Not knowing what else to say, but wanting to make a remark, Jeebleh said, “I hope the girls are unhurt.”
Seamus, looking exhausted, covered his mouth and yawned. “Is there anything I can do for you before I go back to bed?” he asked.
“Could you give me directions to Shanta’s?”
Seamus obliged, then returned to his room.

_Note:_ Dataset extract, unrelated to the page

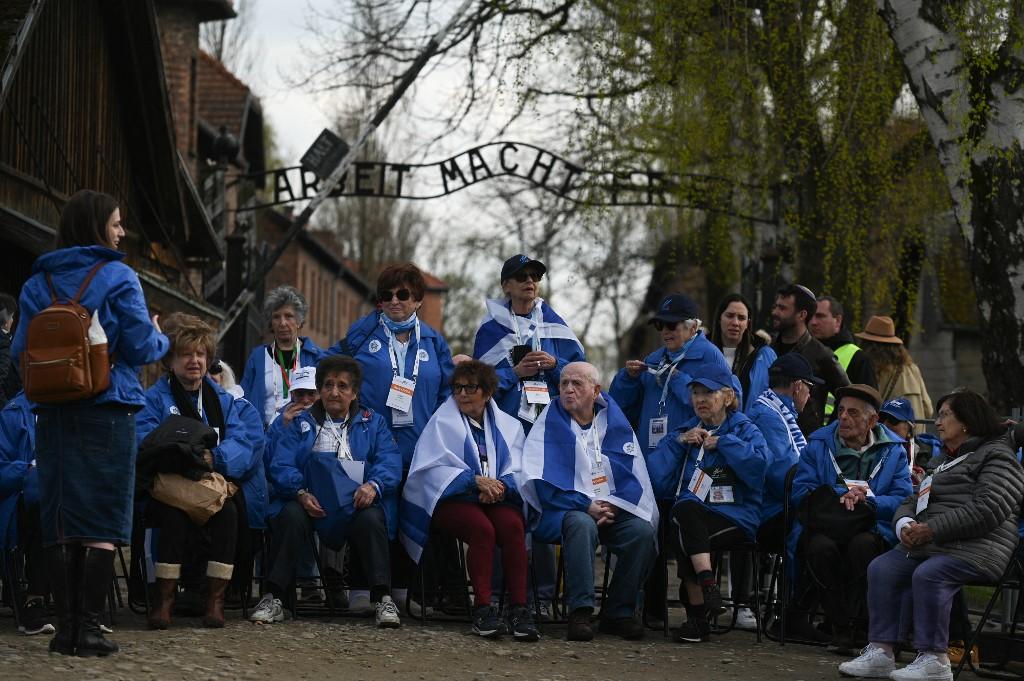 Des survivants de la Shoah et des participants avant le début de la Marche des Vivants sur le site de l'ancien camp de concentration et d'extermination nazi d'Auschwitz-Birkenau à Oswiecim, le 18 avril 2023. [AFP - Artur Widak / Anadolu Agency]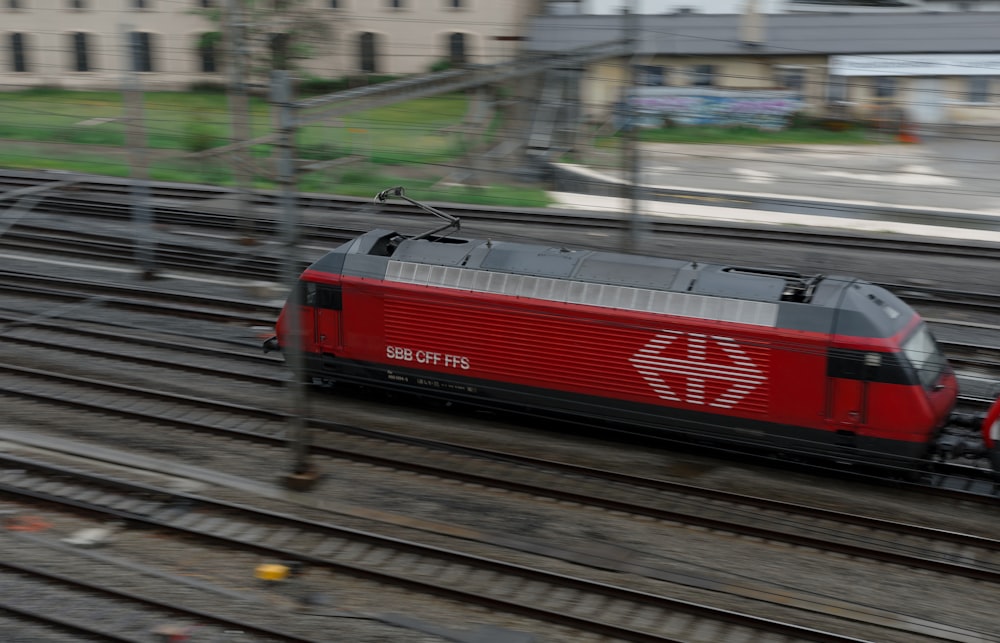 um trem vermelho viajando pelos trilhos do trem ao lado de um prédio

BRIDGES SEPARATE THE TWO SIDES THEY JOIN, JEEBLEH THOUGHT, AS HE took long, eager strides on the way to Shanta’s. He kept consulting the mass of squiggles passing for a map that Seamus had drawn as though from bad memory. Now he came to a stop, and looked this way and that, and then at the piece of paper, which he held at trombone distance. He had forgotten to bring along his reading glasses. With no prominent landmarks to guide him, and no street names either, he was unable to determine whether some of the asterisks represented two- or three-story buildings reduced to rubble or crossroads. Was he to turn left here, go a hundred meters or so, then turn right at the next destroyed building? He went on nonetheless, with the confidence of a man who knows where he is headed.